Archive for the 'War' Category

Ron Paul for President

October 23, 2007


I have finally made up my mind, thanks to Jim. Yay!

I have always thought myself to be a democrat, going strictly by my ideology. After all, I am from the largest democracy in the world. And Dr. Ron Paul, even though he is contesting from the Republican party, is as liberal as it gets.

Who is Ron Paul? Well, if you didn’t know that, you ought to pay a little bit more attention to Politics. If you are stateside, that is. But Ron is gaining momentum in other countries too, so there really is no excuse. Ron Paul is more of a libertarian candidate, contesting as a Republican. His campaign has gathered a lot of steam of late, mainly because of his grassroots-level supporters. He is referred to as Dr. No, because he vehemently opposes any bill that does not abide by the constitution. (And oh, he is also a former physician, which explains the Dr. part).

Why Ron Paul? Mainly, because of his stance on the war. But even more, because of his non-interventionist ideology. United States has no business meddling with Iraq or Somalia or wherever the US military is currently spread. I also like his ideas on Income Tax and The Fed, but I must say that I do believe that his views are a little extreme here.

How Ron Paul? That question exists because I’m not a US citizen yet, and so can’t vote on this presidential election. However, I will have my voting rights for the next election, and hopefully, an opportunity to vote for Dr. Paul. But more than voting, I believe I can make a difference by campaigning for him. And making contributions for his campaign. If I can make at least 5 persons aware of Dr. Ron Paul, I would consider my deed done.

Now, go on. Catch up on his stance on other issues.


Calvin’s war games

October 17, 2007


Shadow Company

October 15, 2007



Shadow Company is an amazing and powerful documentary by Nick Bicanic and Jason Bourque about the “private military companies” – or “mercenaries” depending on your idealogical beliefs. But whatever your idealogy is, you will come out of this documentary much better educated about the issues surrounding such ‘private guns for hire’. The documentary takes an even-handed approach and explores a lot of issues – the historical background of mercenaries, their sudden growth, their hardships, the ethical dilemma and the need for more thought on how this industry should be handled further on.


The presentation is very stlyistic and captivating – with all the video game clips, comic book style reenactments, inter-weaving of war and news footage, pop-up explanations for military terms.
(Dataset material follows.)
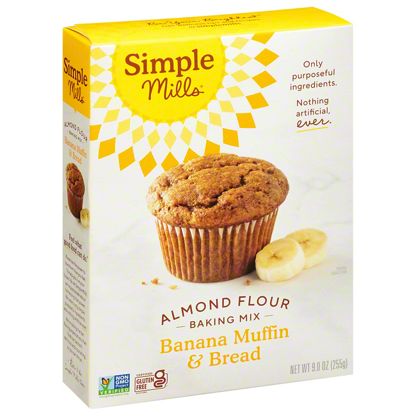 Simple Mills Banana Muffin and Bread Almond Flour Mix, 9 oz – Central ...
It will definitely keep you hooked to the end.

Before I started watching the movie, I had already come to the conclusion that these companies cannot be obliterated in one fell sweep. This documentary only bolstered my opinion, in that our government and politicians need to take a hard look at all the relevant issues and create some balanced and pragmatic regulations to guide this industry. Although there would be no place for such companies in an ideal world, we no longer live – perhaps, never have lived – in such a world. Huffington Post has a nice article from the director of this movie about what the congress ought to be doing now on the issue of PMC’s.

One quote that stands out is from an author that is interviewed – Robert Young Pelton.

“George Bush has created the ultimate entrepreneurial wild west scenario in Iraq. If you have a gun and you are in Iraq, there is plenty of job to do.”

My take on Blackwater

October 8, 2007


Blackwater has been in recent news, after Iraqi officials complained that Blackwater personnel were involved in an unprovoked shooting of Iraqi civilians. If you don’t already know, Blackwater is a private company that supplies security personnel to guard American ambassadors in foreign countries. The Virginian Pilot has an interesting series on Blackwater titled Blackwater: Inside America’s Private Army.

Blackwater is owned by a single man named Erik Prince, a former navy seal. The corporate history of Blackwater is an amazing testimony on how successful private military has become these days. According to Fast Company, Blackwater has had 600% revenue growth between 2002 and 2005.

There is a lot of criticism – mostly of which are right on – against the mere existence of Blackwater. There is the lack of accountability, drain on the military talent, aiding political machiavellians in hiding the actual cost of war, the sheer immorality of going to war for monetary gain.

Now, the Congress has passed a bill to make companies like Blackwater answerable in the civil court. In my opinion, such actions and bills are somewhat useless, unless we stand up and face the real reason for the existence of such companies. Unless the US of A abandons its interventionist policies and stops meddling in the international affairs, companies like Blackwater will keep finding means to make profit. Even if Blackwater is brought back, what about the hundreds of other private corporations on which the US depends for war zone activities.

Although there are a lot of statistics with high shock-factor when it comes to Blackwater, there is one that stands in my memory. In the first Gulf War 15 years ago, the ratio of private contractors to troops was 1 to 60; in the current war, it’s 1 to 3. Go figure.